Здравомыслящие критики могли бы спросить у меня, почему я говорю о любви в трагедии, которая носит название «Юний Брут», зачем я примешал эту страсть к суровой добродетели римского сената и политике иноземного посла.

Нашу нацию упрекают в том, что мы расслабили театр излишней нежностью; и англичане вот уже около века заслуживают того же упрека, ибо вы все же в некоторой мере переняли наши моды и пороки. Но не позволите ли Вы мне высказать мое мнение на этот счет?

Хотеть, чтобы во всех трагедиях участвовала любовь, значит, на мой взгляд, обнаруживать изнеженный вкус; всегда изгонять ее – значит поддаваться весьма неразумной угрюмости.

Театр, как комический, так и трагический, – живая картина человеческих страстей. Честолюбие принца показывают в трагедии, комедия осмеивает тщеславие мещанина. Тут вы смеетесь над кокетством и интригами горожанки, там вы оплакиваете злосчастную страсть Федры; равным образом любовь вас забавляет в романе и восхищает у Вергилия, воспевающего Дидону.

Сама по себе любовь так же не может почитаться недостатком в трагедии, как и в «Энеиде»; ее должно порицать, только когда она введена некстати или изображена неискусно.

Греки редко представляли эту страсть в афинском театре. Во-первых, потому, что предметом их трагедий вначале были лишь события, внушающие ужас, и зрители привыкли к такого рода зрелищам; во-вторых, потому, что женщины вели в те времена гораздо более уединенную жизнь, чем в наш век, и поскольку таким образом перипетии любви не были, как нынче, у всех на устах, поэтов так не манило описывать эту страсть, которую всего труднее изобразить, ибо это требует особой деликатности. Третья причина, которая кажется мне довольно важной, состоит в том, что в греческом театре не было актрис и роли женщин исполнялись переодетыми мужчинами; по-видимому, язык любви был смешон в их устах.

Совсем иное дело в Лондоне и Париже, и надо признать, что авторы не понимали бы собственных интересов и не знали бы свою аудиторию, если бы заставляли таких актрис, как Олдфилд[394] или Дюкло[395] и Лекуврер[396] говорить только о честолюбии и политике.

Беда в том, что у корифеев нашего театра любовь – всего лишь галантность, а у ваших она порой вырождается в разврат. В нашем «Алкивиаде»[397], пьесе, пользовавшейся большим успехом, но слабо написанной, публику долго восхищали плохие стихи, которые пленительным тоном произносил Эзоп прошлого века[398]:

Когда, воспламенен огнем любови вечной,

Пред милой девою я лил в тоске сердечной

Потоки жгучих слез, и, как немой ответ,

В очах задумчивых забрезжил робкий свет –

Каким исполнила мне душу ликованьем

Она своим немым, но пламенным признаньем!

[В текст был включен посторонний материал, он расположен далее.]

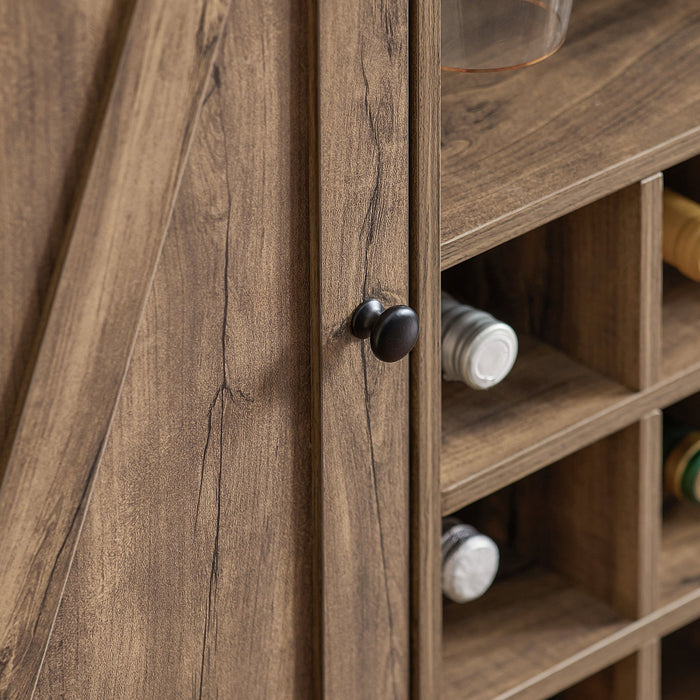 Credenza Buffet Con 3 Vani A Giorno Isola Cucina Tavolo Bar Stile Industriale Vintage 110x55x95 Cm SVW20-N SoBuy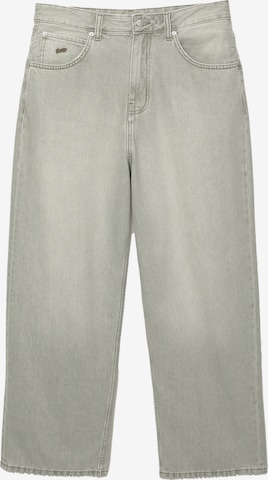 Pull&Bear Baggy Jeans in Grün: Vorderseite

Я, смертный человек, в тот незабвенный миг

Блаженство на земле бессмертное постиг.

В вашей «Спасенной Венеции» старый Рено хочет силой овладеть женой Жаффье, и она жалуется на него в довольно непристойных выражениях, говоря даже, что он пришел к ней в расстегнутом платье.

Для того чтобы любовь была достойна трагического театра, она должна быть необходимым узлом пьесы, а не чужеродным элементом, насильственно втиснутым в нее, чтобы заполнить пустоту, как это бывает в ваших и наших трагедиях, всегда слишком длинных; нужно, чтобы это была подлинно трагическая страсть, на которую смотрят как на слабость и с которой борются, испытывая угрызения совести.

Нужно либо чтобы любовь приводила к несчастьям и преступлениям, дабы было видно, сколь она опасна, либо чтобы добродетель торжествовала над ней, дабы показать, что ее можно победить; иначе это будет любовь, достойная лишь эклоги или комедии.

Вам решать, милорд, выполнил ли я некоторые из этих условий, но главное, пусть Ваши друзья благоволят не судить о гении и вкусе нашей нации по этому рассуждению и по трагедии, которую я Вам посылаю. Я, быть может, один из тех, кто во Франции занимается изящной словесностью с наименьшим успехом, и если мнения, которые я отдаю на Ваш суд, не заслуживают одобрения, то хулить за это надлежит меня одного.